We get out. I can't see Eric Bray well enough to recognize him, but my vague impression is of a well-dressed, attractive man who is close in age to his slain sister, maybe forty or so. He hands Berger a key attached to a manila tag. "The alarm code's written on it," he says. "I'm just going to wait out here."
"I'm really sorry to put you to all this trouble." Berger gathers a camera and an accordion file from the backseat. "Especially on Christmas Eve."
"I know you people have to do your job," he says in a dull, flat tone.
"Have you been inside?"
He hesitates and stares off at the house. "Can't do it." His voice rises with emotion and tears cut him off. He shakes his head and climbs back inside his car. "I don't know how any of us… Well," he clears his throat, talking to us through the open car door, the interior light on, the bell dinging. "How we're ever going to go in and deal with her things." He focuses on me, and Berger introduces us. I have no doubt he already knows very well who I am.
"There are professional cleaning services in the area," I delicately tell him. "I suggest you contact one and have them go in before you or any other family member does. Service Master, for example." I have been through this many times with families whose loved ones have died violently inside the residence. No one should have to go in and deal with their loved one's blood and brains everywhere.
"They can just go in without us?" he asks me. "The cleaning people can?"
"Leave a key in a lock box at the door. And yes, they'll go in and take care of things without you present," I reply. "They're bonded and insured."
"I want to do that. We want to go on and sell this place," he tells Berger. "If you're not needing it anymore."
"I'll let you know," she replies. "But you, of course, have the right to do whatever you want with the property, Mr. Bray."
"Well, I don't know who will buy it after what happened," he mutters.
Neither Berger nor I comment. He is probably right. Most people do not want a house where someone has been murdered. "I already talked to one realtor," he goes on in a dull voice that belies his anger. "They said they couldn't take it on. They're sorry and all that, but they didn't want to represent the property. I don't know what to do." He stares out at the dark, lifeless house. "You know, we weren't real close to Diane, no one in the family was. She wasn't what I would call really into her family or friends. Mostly just into herself, and I know I probably shouldn't say that.
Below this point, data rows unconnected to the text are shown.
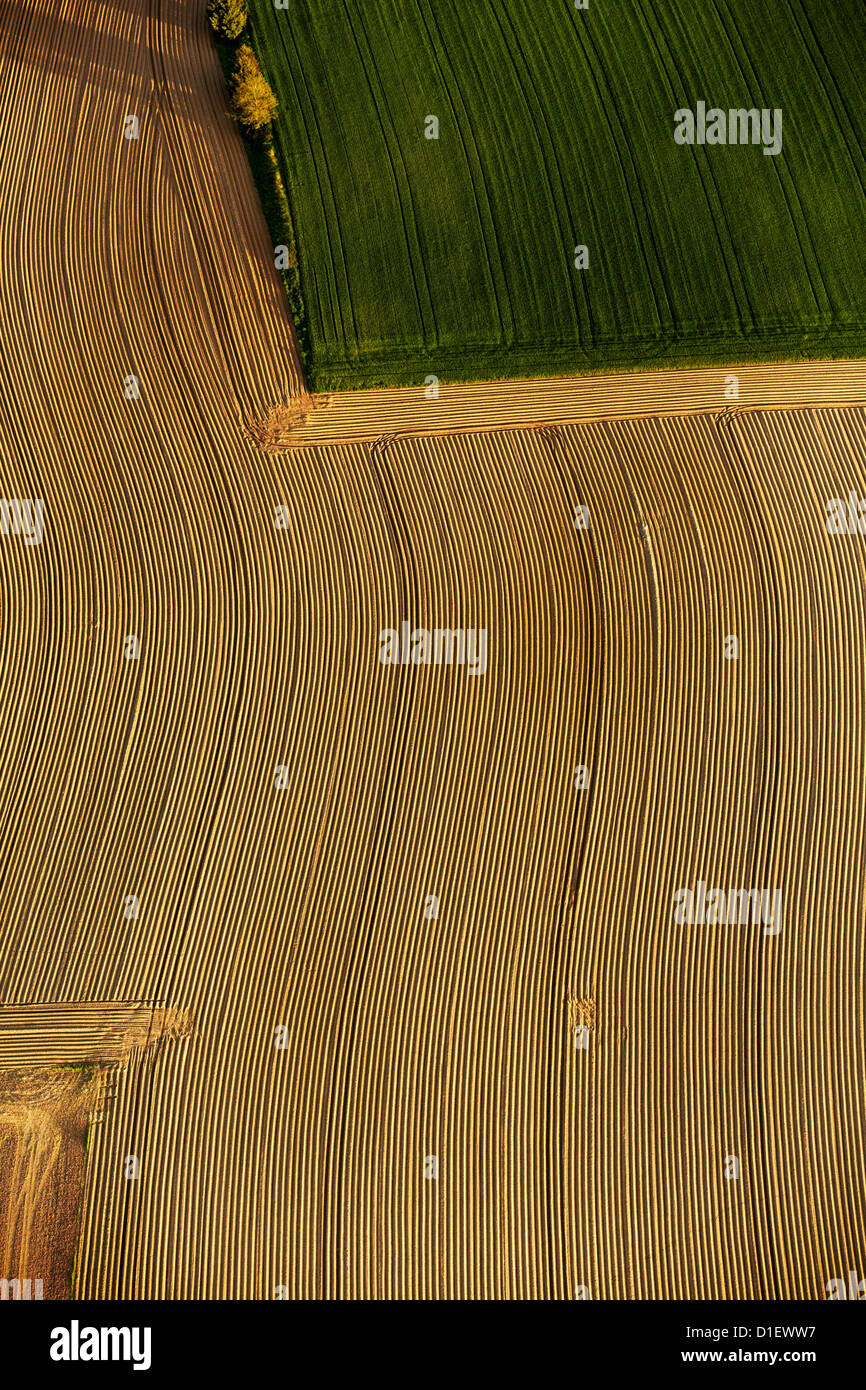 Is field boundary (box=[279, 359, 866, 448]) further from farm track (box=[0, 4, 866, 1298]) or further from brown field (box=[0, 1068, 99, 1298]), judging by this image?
brown field (box=[0, 1068, 99, 1298])

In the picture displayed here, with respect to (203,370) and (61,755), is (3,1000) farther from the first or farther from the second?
(203,370)

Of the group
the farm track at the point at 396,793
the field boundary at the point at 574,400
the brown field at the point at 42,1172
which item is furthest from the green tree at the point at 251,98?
the brown field at the point at 42,1172

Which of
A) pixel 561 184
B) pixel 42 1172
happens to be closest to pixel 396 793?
pixel 42 1172

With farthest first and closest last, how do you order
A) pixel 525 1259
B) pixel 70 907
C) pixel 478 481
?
pixel 478 481 → pixel 70 907 → pixel 525 1259

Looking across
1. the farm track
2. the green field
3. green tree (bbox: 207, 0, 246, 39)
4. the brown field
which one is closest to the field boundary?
the green field

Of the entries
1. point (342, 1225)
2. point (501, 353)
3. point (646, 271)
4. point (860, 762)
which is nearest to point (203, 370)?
point (501, 353)

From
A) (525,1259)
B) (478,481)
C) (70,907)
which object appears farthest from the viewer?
(478,481) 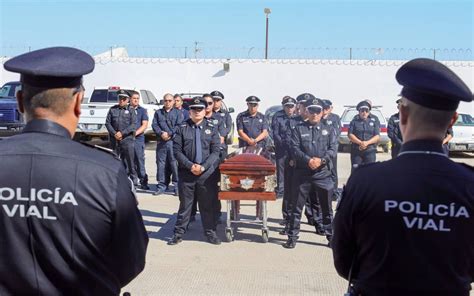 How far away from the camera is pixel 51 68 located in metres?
2.27

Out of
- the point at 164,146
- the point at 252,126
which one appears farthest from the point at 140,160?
the point at 252,126

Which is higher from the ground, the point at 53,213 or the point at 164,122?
the point at 53,213

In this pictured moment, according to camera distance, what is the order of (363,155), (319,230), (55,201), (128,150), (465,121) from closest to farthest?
(55,201) → (319,230) → (363,155) → (128,150) → (465,121)

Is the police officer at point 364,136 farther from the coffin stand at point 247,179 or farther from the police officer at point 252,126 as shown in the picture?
the coffin stand at point 247,179

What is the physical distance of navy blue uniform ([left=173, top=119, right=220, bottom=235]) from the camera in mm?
7785

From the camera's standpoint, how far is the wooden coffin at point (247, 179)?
295 inches

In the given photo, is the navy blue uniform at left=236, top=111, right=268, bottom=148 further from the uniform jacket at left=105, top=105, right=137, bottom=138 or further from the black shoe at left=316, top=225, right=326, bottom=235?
the black shoe at left=316, top=225, right=326, bottom=235

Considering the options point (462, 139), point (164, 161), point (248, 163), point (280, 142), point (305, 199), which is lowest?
point (462, 139)

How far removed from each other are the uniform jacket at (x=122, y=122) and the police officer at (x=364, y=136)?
4273 mm

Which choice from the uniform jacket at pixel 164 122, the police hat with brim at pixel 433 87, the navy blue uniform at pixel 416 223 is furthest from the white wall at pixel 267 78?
the navy blue uniform at pixel 416 223

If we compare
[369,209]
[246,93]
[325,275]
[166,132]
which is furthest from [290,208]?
[246,93]

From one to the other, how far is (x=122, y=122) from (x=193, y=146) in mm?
4132

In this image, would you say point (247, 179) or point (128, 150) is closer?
point (247, 179)

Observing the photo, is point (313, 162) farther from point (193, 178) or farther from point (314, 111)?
point (193, 178) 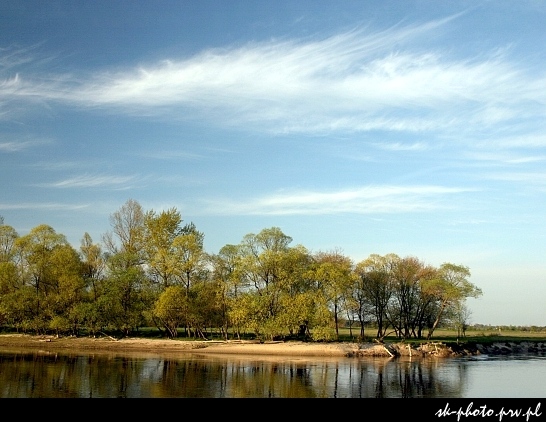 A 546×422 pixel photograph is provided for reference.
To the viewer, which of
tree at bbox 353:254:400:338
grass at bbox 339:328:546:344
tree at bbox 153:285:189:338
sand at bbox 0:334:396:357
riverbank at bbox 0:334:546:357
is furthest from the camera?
tree at bbox 353:254:400:338

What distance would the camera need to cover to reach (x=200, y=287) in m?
73.6

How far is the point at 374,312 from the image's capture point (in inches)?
3258

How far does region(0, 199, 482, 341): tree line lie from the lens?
232 feet

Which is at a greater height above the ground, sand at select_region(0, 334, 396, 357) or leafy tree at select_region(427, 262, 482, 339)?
leafy tree at select_region(427, 262, 482, 339)

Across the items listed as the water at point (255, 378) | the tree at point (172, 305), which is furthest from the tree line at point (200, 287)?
the water at point (255, 378)

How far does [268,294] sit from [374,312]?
20179mm

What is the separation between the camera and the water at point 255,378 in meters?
32.2

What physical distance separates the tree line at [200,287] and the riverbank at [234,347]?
1.88m

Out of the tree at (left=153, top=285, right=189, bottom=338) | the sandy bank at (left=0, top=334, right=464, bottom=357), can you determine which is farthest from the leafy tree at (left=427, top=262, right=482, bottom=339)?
the tree at (left=153, top=285, right=189, bottom=338)

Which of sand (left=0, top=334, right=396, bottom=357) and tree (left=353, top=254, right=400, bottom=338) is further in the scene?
tree (left=353, top=254, right=400, bottom=338)

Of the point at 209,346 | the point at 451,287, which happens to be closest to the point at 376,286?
the point at 451,287

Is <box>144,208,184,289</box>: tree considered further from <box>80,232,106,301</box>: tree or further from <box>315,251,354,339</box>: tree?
<box>315,251,354,339</box>: tree

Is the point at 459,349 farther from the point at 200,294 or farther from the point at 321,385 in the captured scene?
the point at 321,385

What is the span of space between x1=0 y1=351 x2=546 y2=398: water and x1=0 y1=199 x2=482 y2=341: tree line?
1338cm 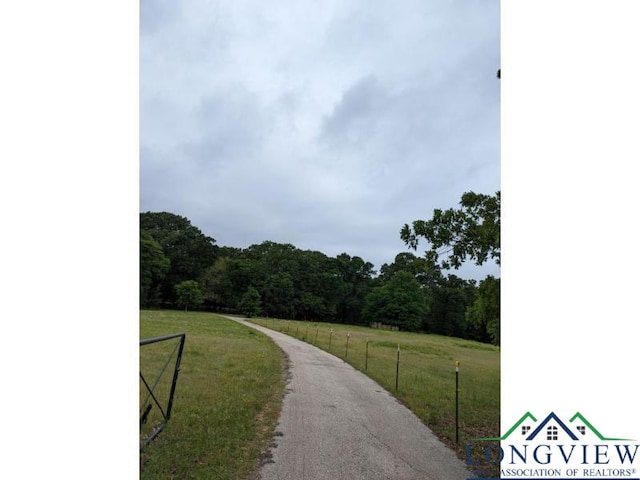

But it's the damn honest truth."
"Did you see her very often?" Berger asks him.
He shakes his head, no. "I guess I knew her best because we're only two years apart. We all knew she had more money than we could understand. She stopped by my house on Thanksgiving, pulled up in this brand new red Jaguar." He smiles bitterly and shakes his head again. "That's when I knew for sure she was into something I probably didn't want to know a damn thing about. I'm not surprised, really." He takes a deep, quiet breath. "Not surprised really that it's ended up like this."
"Were you aware of her involvement in drugs?" Berger shifts her file to her other arm.
I am getting cold standing out here, and the dark house pulls at us like a black hole.
"The police have said some things. Diane never talked about what she did and we didn't ask, frankly. As far as we know, she didn't even have a will. So now we've got that mess, too," Eric Bray tells us. "And what to do with her things." He looks up at us from the driver's seat and the dark can't hide his misery. "I really don't know what to do."